Collected data entries
________________________

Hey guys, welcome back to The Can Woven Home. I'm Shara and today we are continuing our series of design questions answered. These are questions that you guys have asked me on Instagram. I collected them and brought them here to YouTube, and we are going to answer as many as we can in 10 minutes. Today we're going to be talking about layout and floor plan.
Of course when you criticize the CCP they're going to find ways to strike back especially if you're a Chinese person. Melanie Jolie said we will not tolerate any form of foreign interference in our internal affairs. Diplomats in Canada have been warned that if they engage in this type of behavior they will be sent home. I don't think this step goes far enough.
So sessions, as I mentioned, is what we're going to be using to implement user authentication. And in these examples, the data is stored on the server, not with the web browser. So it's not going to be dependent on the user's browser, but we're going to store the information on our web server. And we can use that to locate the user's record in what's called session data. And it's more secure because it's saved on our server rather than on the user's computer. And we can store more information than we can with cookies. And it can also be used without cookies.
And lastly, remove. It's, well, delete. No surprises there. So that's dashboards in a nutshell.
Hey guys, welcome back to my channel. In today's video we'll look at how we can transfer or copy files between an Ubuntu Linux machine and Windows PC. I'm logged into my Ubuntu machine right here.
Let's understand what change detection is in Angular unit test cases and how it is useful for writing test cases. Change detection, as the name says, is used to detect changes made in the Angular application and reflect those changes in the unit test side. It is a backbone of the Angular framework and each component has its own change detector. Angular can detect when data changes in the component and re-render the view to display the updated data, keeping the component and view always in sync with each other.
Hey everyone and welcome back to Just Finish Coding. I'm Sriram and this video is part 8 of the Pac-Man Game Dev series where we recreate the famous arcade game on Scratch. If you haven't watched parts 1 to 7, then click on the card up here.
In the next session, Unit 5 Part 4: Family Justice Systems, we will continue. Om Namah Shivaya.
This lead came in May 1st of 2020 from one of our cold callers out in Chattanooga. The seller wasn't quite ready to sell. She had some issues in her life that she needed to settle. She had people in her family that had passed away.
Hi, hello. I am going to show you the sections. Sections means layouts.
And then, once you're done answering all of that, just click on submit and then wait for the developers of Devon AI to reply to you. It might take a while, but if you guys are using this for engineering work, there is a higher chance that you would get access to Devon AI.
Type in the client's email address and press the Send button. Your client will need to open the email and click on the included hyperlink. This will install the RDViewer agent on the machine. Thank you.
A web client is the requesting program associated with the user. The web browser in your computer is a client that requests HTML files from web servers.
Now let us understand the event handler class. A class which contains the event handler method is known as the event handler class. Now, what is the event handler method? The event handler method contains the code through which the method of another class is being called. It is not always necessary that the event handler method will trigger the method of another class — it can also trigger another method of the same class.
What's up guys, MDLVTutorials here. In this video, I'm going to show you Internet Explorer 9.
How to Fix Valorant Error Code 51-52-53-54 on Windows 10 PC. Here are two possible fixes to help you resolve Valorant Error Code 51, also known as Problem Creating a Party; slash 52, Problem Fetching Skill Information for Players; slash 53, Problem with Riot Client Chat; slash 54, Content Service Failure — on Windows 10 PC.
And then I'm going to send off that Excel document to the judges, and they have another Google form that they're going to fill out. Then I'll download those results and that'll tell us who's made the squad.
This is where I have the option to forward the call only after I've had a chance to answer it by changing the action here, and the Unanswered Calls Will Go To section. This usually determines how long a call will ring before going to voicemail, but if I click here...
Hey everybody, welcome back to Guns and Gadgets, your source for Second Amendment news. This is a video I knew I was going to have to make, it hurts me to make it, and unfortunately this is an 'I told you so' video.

________________________

* _Directions for this task_:
Pull every line containing the string "there" out of the data above and copy it.

* _Response to the exercise_:
And lastly, remove. It's, well, delete. No surprises there. So that's dashboards in a nutshell.
And then, once you're done answering all of that, just click on submit and then wait for the developers of Devon AI to reply to you. It might take a while, but if you guys are using this for engineering work, there is a higher chance that you would get access to Devon AI.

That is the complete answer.